As with DIY movements we have also seen the development of two distinct sets of community, which do overlap and meet in certain spaces,such as Greenbelt, but largely have developed seperately due to their nature. Firstly, there are the "professionals" many of whom now hold positions of leadership & influence. These people are those who make atleast part of their living from the phenomenon they have helped to create. They are the people who were often there on the ground floor and it is their frustrations we owe alot to. That said, they are people who themselves are now part of the situation they started trying to change because of the power they now hold.
Then there are the "grassroots" who use the media which have been created to support the whole sub-culture of "alt worship", "emerging" & "emergent church" .

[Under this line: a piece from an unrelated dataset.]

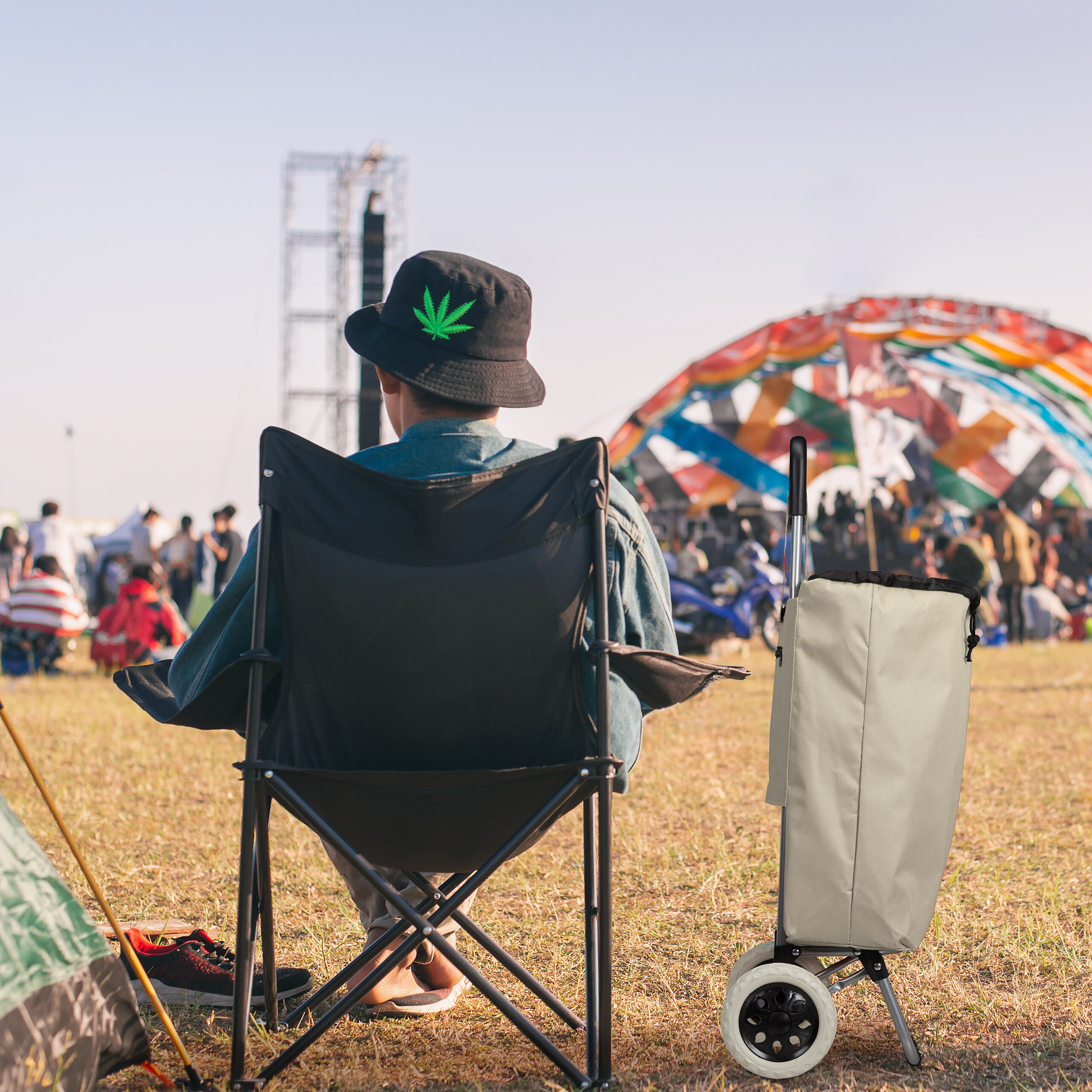 Eine Person sitzt auf einem Campingstuhl bei einem Festival mit einer Karre daneben und einer Bühne im Hintergrund.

We are the "fans" who use media like the Wibsite to create networks, aswell as create our own small scale part of the sub-culture, through wiblogs, etc. We know we will never be successful in terms of being visible or involved in leadership and are largely self-indulgent but we enjoy it. Also and more importantly many of us involved in this whole area ,(who if we're honest doesn't fit nicely into any of the labels and descriptions that the professional grouping use), are here because we are the slight misfits in mainstream churches. The people who get frustrated because we have turned up year in year out being expected to fit into Churchianity. Many of us have come to a stage where we have found being honest with God and ourselves has meant rejecting alot of the expectations of "Churchianity" but without rejecting God and so now we are searching for a way to live authentic faith in a way which suits us. Through the use of lo-fi DIY stuff we are connecting with others like ourselves and finding out we don't need to be told what our faith should be like, we are finding out that you don't need to have permission to be a Christian and that despite what it seems like sometimes there are other people like us out there,which we can form community with and find support from.

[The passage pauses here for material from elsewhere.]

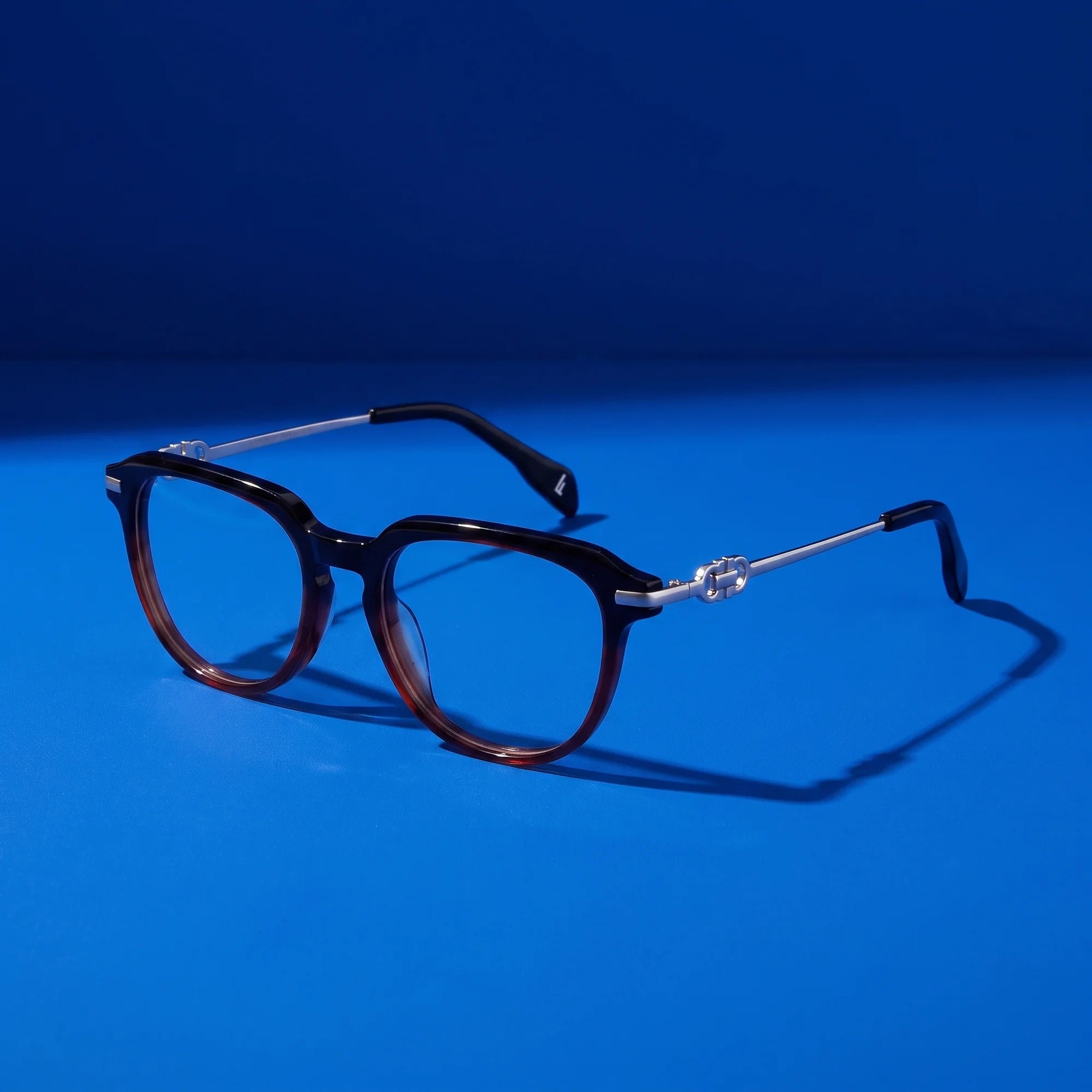 Fiore 5409 eyeglasses in black brown – still life on a seamless cobalt studio backdrop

The DIY culture and history also teaches us how we can be a community who are coming from different places but all co-operating together, not believing the lie that the "other" is dangerous. If I've got it right on this site I'm sharing ideas and learning about our heritage, with people from a range of traditions,(I'm a Baptist sharing with Orthodox, Methodist, Catholic, Cof E, NFI, and Hillsong - hope I've got that about right in terms of where people are). What we're doing is learning that beyond the segregation that the denominational system inadvertantly leads to there are others who are just like us and by sharing we can actually move forward.
Looking at the situation alot of mainstream denominations are getting themselves into I think that DIY culture in the church (in widest term) is going to become more important. There are alot of us who refuse to be "church leavers" who want to invest time engaging with others from a range of theological perspectives to develop our understanding of God and thinking about a range of issues regarding spirituality and our understanding of scripture (including but most definately going beyond the issue of sexuality) and are finding that this is impossible, (or certainly challenging), within our home churches. The "grass roots" emergent type of subculture which has developed is the one place in the church where I think that it really doesn't matter if you are married, single, gay, straight, bi, balck, white, young, old, liberal, evangelical, radical or whatever.
Reading the book will also be useful because I think churches fall into the trap of trying to find a formular and keeping to it. DIY has shown that there is and has to be evolution and space for each generation to develop its own networks and ideas, reinventing ideas from and expressing frustration with previous times and ways of doing things.